To update the location of interfaces in the simulation domain, subfront processes need to send interface data to subdomain processes and collect updated data back resulting in subdomain-subfront communication. Each subfront is mapped to one or more subdomain processes based on input process configuration and spatial location of subdomains. This mapping is done based on input file provided to the simulation by the user. Once initially done, the subdomain(s)-subfront mapping remains fixed throughout the course of the simulation. Subsequently, the subdomains exchange data with their mapped subfront only. One of the many possible mapping configurations is depicted in Figure 2, where a subfront is mapped to two subdomains. In terms of communication cost volume, this type of communication ranks as the second highest. The amount of data exchanged between subfront and its mapped subdomains depends upon the number of interfaces or bubbles contained by the subfront. As the number of interfaces within subfront may vary during the course of the simulation, this type of communication is variable.
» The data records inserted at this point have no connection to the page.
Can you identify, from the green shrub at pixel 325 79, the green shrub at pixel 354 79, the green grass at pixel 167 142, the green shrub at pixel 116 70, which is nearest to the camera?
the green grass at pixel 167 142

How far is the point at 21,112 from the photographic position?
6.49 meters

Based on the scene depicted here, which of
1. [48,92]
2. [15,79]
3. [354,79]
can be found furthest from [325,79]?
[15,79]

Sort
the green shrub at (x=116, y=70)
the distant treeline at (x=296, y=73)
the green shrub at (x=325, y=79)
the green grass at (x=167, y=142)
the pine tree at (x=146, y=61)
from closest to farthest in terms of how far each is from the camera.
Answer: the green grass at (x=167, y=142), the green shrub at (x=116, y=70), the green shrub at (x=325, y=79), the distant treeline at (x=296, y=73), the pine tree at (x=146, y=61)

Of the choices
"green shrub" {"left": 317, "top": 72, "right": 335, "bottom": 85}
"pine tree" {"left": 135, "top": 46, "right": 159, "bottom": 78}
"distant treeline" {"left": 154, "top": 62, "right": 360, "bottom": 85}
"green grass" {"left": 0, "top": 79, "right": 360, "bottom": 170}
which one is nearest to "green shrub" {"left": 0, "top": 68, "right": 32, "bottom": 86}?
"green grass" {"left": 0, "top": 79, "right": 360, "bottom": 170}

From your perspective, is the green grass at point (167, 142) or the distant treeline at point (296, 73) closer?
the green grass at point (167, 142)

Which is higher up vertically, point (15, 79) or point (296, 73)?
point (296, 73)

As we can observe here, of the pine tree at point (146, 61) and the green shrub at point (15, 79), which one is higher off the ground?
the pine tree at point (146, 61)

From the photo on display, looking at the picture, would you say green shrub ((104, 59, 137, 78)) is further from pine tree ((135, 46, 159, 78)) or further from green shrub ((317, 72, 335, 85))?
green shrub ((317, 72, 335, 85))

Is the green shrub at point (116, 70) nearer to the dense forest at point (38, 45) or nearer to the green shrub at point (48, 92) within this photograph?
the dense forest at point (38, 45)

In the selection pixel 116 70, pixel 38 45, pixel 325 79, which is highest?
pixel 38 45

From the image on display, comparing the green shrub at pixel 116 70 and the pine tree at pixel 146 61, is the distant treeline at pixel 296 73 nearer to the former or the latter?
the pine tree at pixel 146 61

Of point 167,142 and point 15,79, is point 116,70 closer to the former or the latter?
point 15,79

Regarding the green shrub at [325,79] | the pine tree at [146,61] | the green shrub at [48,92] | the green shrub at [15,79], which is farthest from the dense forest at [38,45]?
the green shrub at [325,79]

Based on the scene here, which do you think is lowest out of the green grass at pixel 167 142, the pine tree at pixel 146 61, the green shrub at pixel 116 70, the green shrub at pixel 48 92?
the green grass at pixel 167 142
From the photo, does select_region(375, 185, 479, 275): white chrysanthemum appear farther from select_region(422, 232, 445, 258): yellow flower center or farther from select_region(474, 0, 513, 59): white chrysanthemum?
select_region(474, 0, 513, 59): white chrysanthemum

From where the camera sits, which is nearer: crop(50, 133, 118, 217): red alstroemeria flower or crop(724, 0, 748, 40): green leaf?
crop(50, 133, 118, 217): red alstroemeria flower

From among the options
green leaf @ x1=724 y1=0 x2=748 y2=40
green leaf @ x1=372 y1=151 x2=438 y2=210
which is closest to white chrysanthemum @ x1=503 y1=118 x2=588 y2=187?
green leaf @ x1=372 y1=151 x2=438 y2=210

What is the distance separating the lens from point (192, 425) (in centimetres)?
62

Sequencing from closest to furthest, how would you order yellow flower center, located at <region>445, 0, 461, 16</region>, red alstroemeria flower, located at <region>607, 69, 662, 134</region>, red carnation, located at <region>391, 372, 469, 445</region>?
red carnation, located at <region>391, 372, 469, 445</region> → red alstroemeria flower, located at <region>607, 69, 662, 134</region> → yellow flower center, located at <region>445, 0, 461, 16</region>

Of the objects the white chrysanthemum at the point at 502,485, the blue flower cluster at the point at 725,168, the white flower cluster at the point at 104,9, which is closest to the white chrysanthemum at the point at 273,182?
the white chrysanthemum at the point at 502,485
Due to parallelization of the front, computations on bubbles are divided among subfront processes. This division of work depends upon the spatial location of bubbles in the Eulerian grid and may result in a bubble shared by multiple subfront processes. A bubble may be shared between as few as two and as many as eight subfronts. Once computations are performed on a bubble, bubble data needs to be sent to the appropriate subdomain(s) for position update. However, due to fixed subdomain-subfront mapping, owner subfront cannot directly send shared bubble data to the subdomain(s) other than the ones it is mapped to. Moreover, as the bubbles move in the spatial domain during the course of the simulation, a bubble’s center may fall into the purview of a different subfront. This bubble movement from one subfront to another initiates ownership transfer from the previous owner to the new one. In ownership transfer, all bubble data is sent from the previous owner to the new owner subfront resulting in another type of subfront-subfront communication.
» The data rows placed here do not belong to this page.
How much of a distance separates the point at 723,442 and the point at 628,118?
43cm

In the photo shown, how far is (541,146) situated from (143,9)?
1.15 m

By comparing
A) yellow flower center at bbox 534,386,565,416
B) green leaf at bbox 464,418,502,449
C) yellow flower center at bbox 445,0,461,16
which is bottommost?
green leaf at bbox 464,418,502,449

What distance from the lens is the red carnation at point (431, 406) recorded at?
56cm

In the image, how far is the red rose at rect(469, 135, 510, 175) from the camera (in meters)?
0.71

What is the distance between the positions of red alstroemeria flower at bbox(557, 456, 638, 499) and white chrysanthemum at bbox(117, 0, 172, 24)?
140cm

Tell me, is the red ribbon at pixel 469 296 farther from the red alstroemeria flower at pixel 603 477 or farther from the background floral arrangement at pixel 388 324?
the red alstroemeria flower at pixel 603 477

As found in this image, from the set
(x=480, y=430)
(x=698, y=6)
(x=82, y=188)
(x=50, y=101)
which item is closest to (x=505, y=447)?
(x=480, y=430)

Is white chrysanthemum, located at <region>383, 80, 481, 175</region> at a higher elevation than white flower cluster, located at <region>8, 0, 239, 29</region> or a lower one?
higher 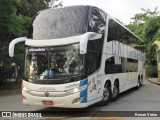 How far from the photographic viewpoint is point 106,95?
516 inches

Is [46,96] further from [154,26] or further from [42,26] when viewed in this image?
[154,26]

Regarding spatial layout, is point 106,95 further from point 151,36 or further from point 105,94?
point 151,36

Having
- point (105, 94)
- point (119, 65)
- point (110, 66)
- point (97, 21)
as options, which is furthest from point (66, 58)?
point (119, 65)

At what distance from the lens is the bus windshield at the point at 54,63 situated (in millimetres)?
10469

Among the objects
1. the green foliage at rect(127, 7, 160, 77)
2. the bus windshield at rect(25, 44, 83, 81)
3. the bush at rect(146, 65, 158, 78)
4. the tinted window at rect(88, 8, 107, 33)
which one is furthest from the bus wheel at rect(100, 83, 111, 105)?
the bush at rect(146, 65, 158, 78)

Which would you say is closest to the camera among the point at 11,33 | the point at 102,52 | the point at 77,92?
the point at 77,92

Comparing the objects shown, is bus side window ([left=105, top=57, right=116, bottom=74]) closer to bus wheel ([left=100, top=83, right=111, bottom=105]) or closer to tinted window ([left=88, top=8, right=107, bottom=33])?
bus wheel ([left=100, top=83, right=111, bottom=105])

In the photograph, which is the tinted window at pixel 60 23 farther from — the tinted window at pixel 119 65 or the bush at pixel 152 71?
the bush at pixel 152 71

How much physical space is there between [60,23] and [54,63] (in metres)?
1.54

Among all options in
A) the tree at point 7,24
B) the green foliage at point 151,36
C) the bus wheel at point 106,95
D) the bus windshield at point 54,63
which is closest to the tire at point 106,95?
the bus wheel at point 106,95

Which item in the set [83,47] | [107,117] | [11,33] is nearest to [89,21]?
[83,47]

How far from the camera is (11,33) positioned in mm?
21047

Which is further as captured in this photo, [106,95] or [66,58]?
[106,95]

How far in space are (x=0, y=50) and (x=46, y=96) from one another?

The number of subfronts sharing bubbles and number of bubbles requiring ownership transfer may vary during the course of the simulation, which makes it difficult to approximate subfront-subfront communication. One of the contributions of this study is to make subfront-subfront communication more predictable.
3.2. Load Distribution
Subdomain processes are mainly responsible for two types of computations. Firstly, they solve flow equations on the Eulerian grid and secondly they update the spatial position of bubble points lying in their jurisdiction as received from subfront processes. Owing to the domain parallelization strategy, distribution of Eulerian grid points across subdomain processes is uniform. This implies that Eulerian grid computations across subdomain processes are fixed and, therefore, these processes are load-balanced with respect to Eulerian grid computations. The number of bubble points requiring position update is dependent upon spatial bubble distribution in the domain. This means that subdomain computational load for Lagrangian grid position update is variable across subdomains during the course of simulation.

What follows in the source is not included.